Die digitalen Außenspiegel des Audi A6 e-tron sorgen dafür, dass das Elektroauto sieben Kilometer an Reichweite gewinnt. Der Stromverbrauch der zugehörigen Displays im Innenraum des Wagens ist dabei bereits berücksichtigt.
Aber auch um den cw-Wert von 0,21 beim Audi A6 e-tron Sportback zu erreichen, waren zahlreiche Versuche im Windkanal und etliche Kniffe der Aerodynamiker erforderlich. Die digitalen Außenspiegel etwa bringen sieben Kilometer Reichweite netto (der Stromverbrauch der Displays ist berücksichtigt). An diesem Teil entzündete sich dann allerdings auch ein Disput zwischen den Aerodynamikern und Audi-Designern. Die optimale Lösung wäre, den Kameraspiegel nach hinten abzusenken. Besonders ästhetisch wäre das allerdings nicht. Der Kompromiss besteht in einer kleinen Stufe an der Unterseite der Kamera-Verkleidung.

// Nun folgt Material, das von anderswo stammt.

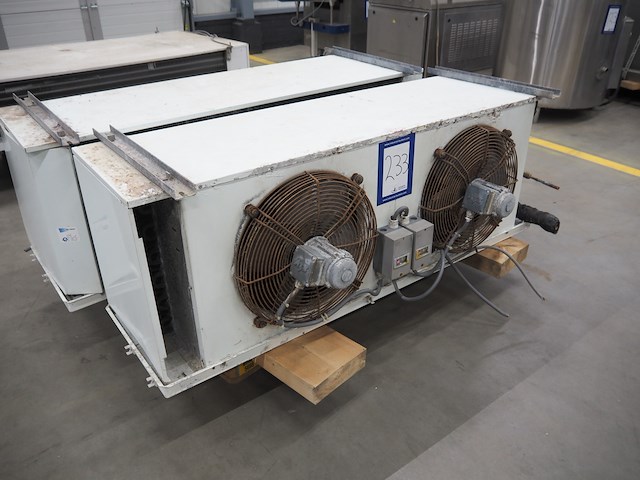 Helpman - afbeelding 1 van  7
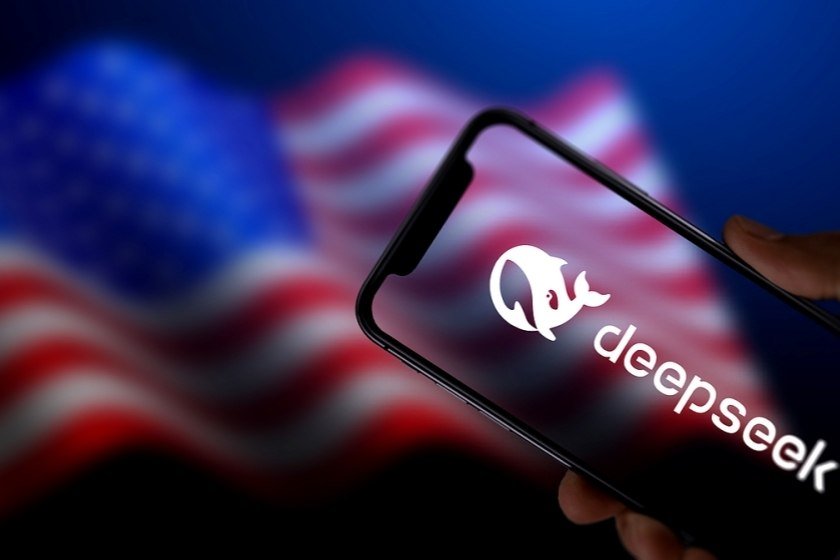 mog_china's tweet photo. 🇺🇸🇨🇳
🔴 الولايات المتحدة تحظر على الهيئات الحكومية استخدام DeepSeek

في 19 أكتوبر، أصدرت الحكومة الأمريكية أمرًا بإزالة أدوات الذكاء الاصطناعي التابعة للشركة الصينية DeepSeek والخدمات الخارجية القائمة على نماذجها من الأنظمة المعلوماتية للوزارات المدنية الفيدرالية. سيشمل الحظر 102 هيئة حكومية.

وقد بررت وزارة الأمن الداخلي الأمريكية ذلك بأن استخدام DeepSeek قد يؤدي إلى نقل بيانات حساسة إلى الصين، وأن هذه النماذج نفسها قد تحتوي على برامج ضارة وثغرات أمنية.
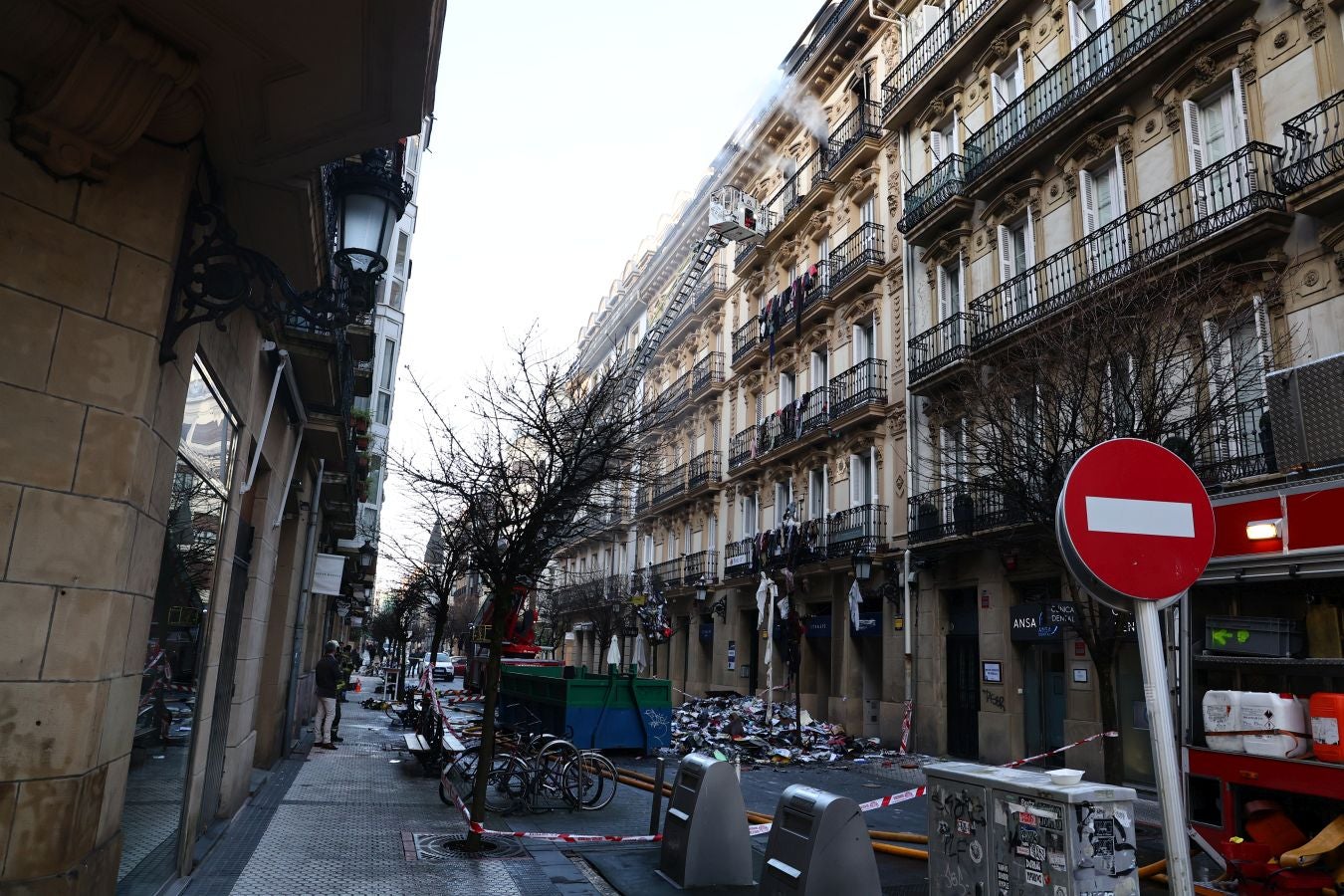 Habitaciones llenas de basura en el interior del piso incendiado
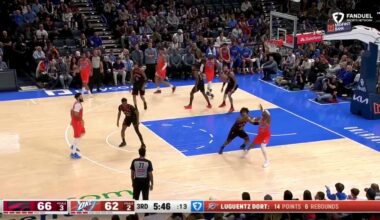 SGA makes it look effortless with a smooth jump shot!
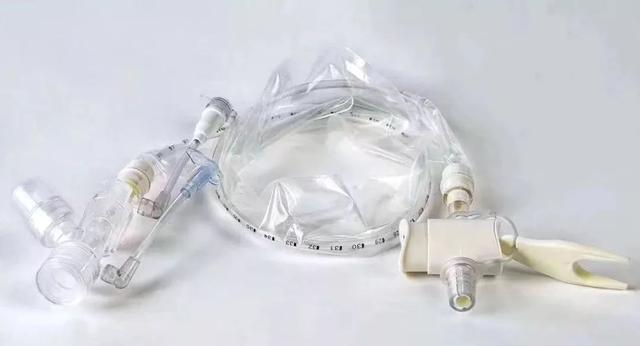 「科技日报」“战疫”里的“黑科技”保障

Neuralgischer Punkt am Heck
Dass die Windkanalspezialisten nicht immer ihren Willen bekommen, sieht man an dem kleinen Heckspoiler des S6 e-tron Sportback, der für den nötigen Abtrieb sorgt, ohne den cW-Wert maßgeblich zu verschlechtern. Das Heck ist ohnehin der neuralgische Punkt eines jeden Autos. „Der Schlüssel zur Aerodynamik ist der Nachlauf“, sagt Islam. Je kompakter beziehungsweiser schmaler die Luftströme von oben und unten zusammenlaufen, desto windschlüpfriger ist das Vehikel. Im direkten Vergleich zwischen dem A6 e-tron Sportback mit seiner nach hinten stark abfallenden Dachlinie und der Kombiversion A6 e-tron Avant erkennt man sehr schnell, wie sich die Luftströmungslinien beziehungsweise deren Verlauf unterscheiden.
Sensibles Aerosystem
Die Klaviatur, auf der die Aerodynamiker spielen, ist umfangreich. Was die Aufgabe so anspruchsvoll macht, ist die Tatsache, dass sich jede Maßnahme auf andere Bereiche des Autos auswirkt. Das gilt vor allem für den Unterboden, der zunehmend zur wichtigen Spielwiese der Aerodynamiker wird und mit spannenden aerodynamischen Kniffen gespickt ist. Vor den Vorderrädern befindet sich ein Anstromkörper, der das Rad quasi in die Länge zieht, indem er den Luftstrom so beruhigt, dass die Pneus geschmeidiger umströmt werden. Das setzt sich am Heck fort. Vor den Hinterrädern befindet sich ebenfalls ein kleiner Spoiler und beim Sportback beruhigt ein vier Millimeter hoher Gurney-Flap die Luft vor der Hinterachse.

Am Heck des Fahrzeugs laufen alle Luftströme zusammen. Hier zeigt sich, ob die Aerodynamiker eine gute Arbeit gemacht haben, erklärt Moni Islam unserem Autor.
Beim Avant fehlt dieses Bauteil, weil es die Anströmung des kleinen Spoilers am Ende des Diffusors stören würde. Dieser Diffusorspoiler ist aber wichtig, da er dafür sorgt, dass die Luftströmung zu der des Daches passt. Wie sensibel das Aero-System ist und wie groß der Einfluss der einzelnen Teile ist, zeigt sich daran, dass beim Avant der vordere Anstromkörper anders geformt ist als beim Sportback.
Schneeklumpen in den Spoilern
Ein wichtiger Aspekt, den die Windmeister ebenfalls auf der Rechnung haben müssen, ist die Akustik. Da das Geräusch des Verbrennungsmotors wegfällt, fallen die Geräusche des Windes deutlich mehr auf. Ein Elektroauto sollte aber möglichst leise sein, auch und vor allem im Innenraum.
Natürlich bringen Computersimulationen viel, aber das Tüfteln im Windkanal ist nach wie vor extrem wichtig. Schließlich geht es um Millimeter, und jedes zusätzliche Teil am Auto macht die Produktion komplexer und teurer. Wie wichtig die Praxistests nach wie vor sind, zeigt die Tatsache, dass die Aerodynamiker die Größe einiger Anbauteile nach den Wintertests noch einmal ändern mussten: Bei den Probefahrten hatten sich Schneeklumpen in den Spoilern verfangen.